Let $H, K \leq G. $ Let $G' = [H,K]$ be a subgroup of $G$ which generated by all $[h,k]$ with $ h \in H , k \in K $. Show that:
$1)$ $H\subseteq C_{G}(K)$ iff $[H,K]=1$
$2)$ $H\subseteq N_{G}(K)$ iff $[H,K]\subseteq K$
$3)$ If $H,K$ normal subgroups of $G$ and $H \cap K = 1$ then $H\subseteq C_{G}(K)$.
My effort:
$1)$ $[H,K]=1$ so all $[h,k]=1$ so all the elements of $H,K$ commute.
$H \subset C_{G}(K)$ so if $h \in H$ then $h \in C_{G}(K)$ so $hk=kh$ for all $k \in K$ which is correct since elements of $H,K$ commute.
(Is that ok?)
$2)$
$3)$ $[H,K] \subset K$
$[H,K]^{-1} = [K,H] \subset H$ so $[H,K] \subset H$. So $[H,K] \subset H \cap K =1$ so all the elements of $H,K$ commute and we have the same as part $1$.
(Is that ok?)
1)seems fine, I would just add a conclusion such as "hence [h,k]=e $\forall h\in H,k\in K$".

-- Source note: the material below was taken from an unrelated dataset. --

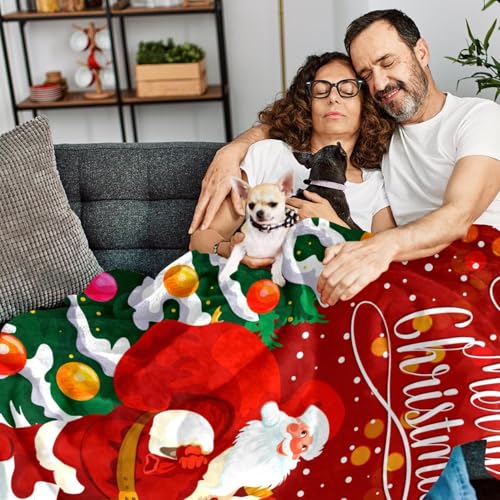 Couverture Polaire Père Noël Plaid Cadeau Doux Chaises Lits - 7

For 2), assume $H\subset N_G(K)$. Let $h\in H , k\in K$ , we must show $[h,k]\in K$.
By assumption , $h\in N_G(K)$ so $hKh^{-1}=K$ so $hkh^{-1} = k' \in K$ so $hkh^{-1}k^{-1} = k'k^{-1} \in K$ since $K $ is a subgroup and thus closed to multiplication.

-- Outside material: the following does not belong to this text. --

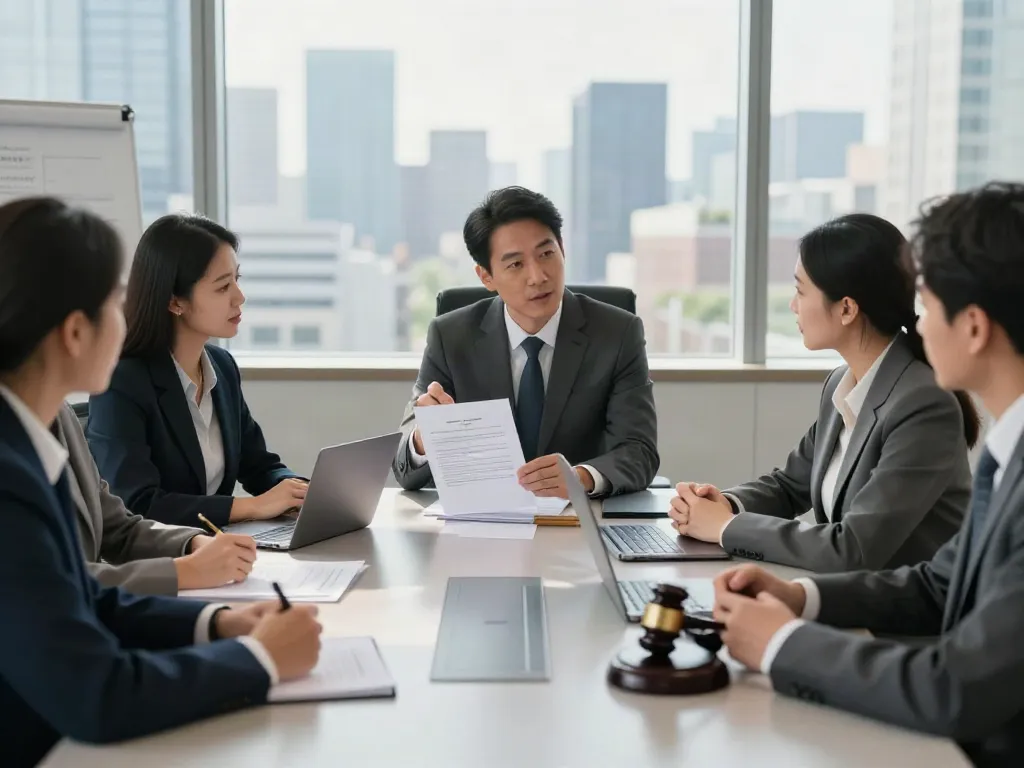 Arrest Warrant Lawyer Dubai consulting with clients in a modern office setting.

So indeed $[H,K]\subset K$.
Now assume $[H,K]\subset K$. Let $h\in H$. we want to show that $h\in N_G(K)$ , that is $hKh^{-1}=K$. But, for any $k \in K$ , $[h,k]=hkh^{-1}k^{-1} \in K$ by assumption, so $hkh^{-1}\in Kk = K$ so indeed $hKh^{-1}=K$ and we have $h\in N_G(K)$.

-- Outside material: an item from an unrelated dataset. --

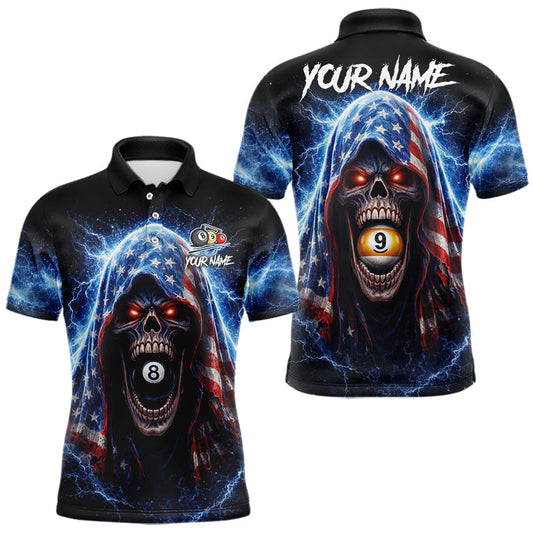 Maxcorners US Flag Thunder Grim Reaper 8 Ball 9 Ball Pool Men Billiard Shirt Custom Patriotic Billiard Apparel LM0402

For 3) , by 1) we need to show that $[H,K] = 1$. So let $h\in H$ and $k\in K$. then $hkh^{-1} \in K$ since $K$ is normal. So $[h,k] =hkh^{-1}k^{-1}\in K $. On the other hand, $kh^{-1}k^{-1}\in H$ since $H$ is normal, and aain $[h,k] =hkh^{-1}k^{-1}\in H $. So we get $[h,k]\in H\cap K$. By assumption , $H\cap K=1$ and we are done.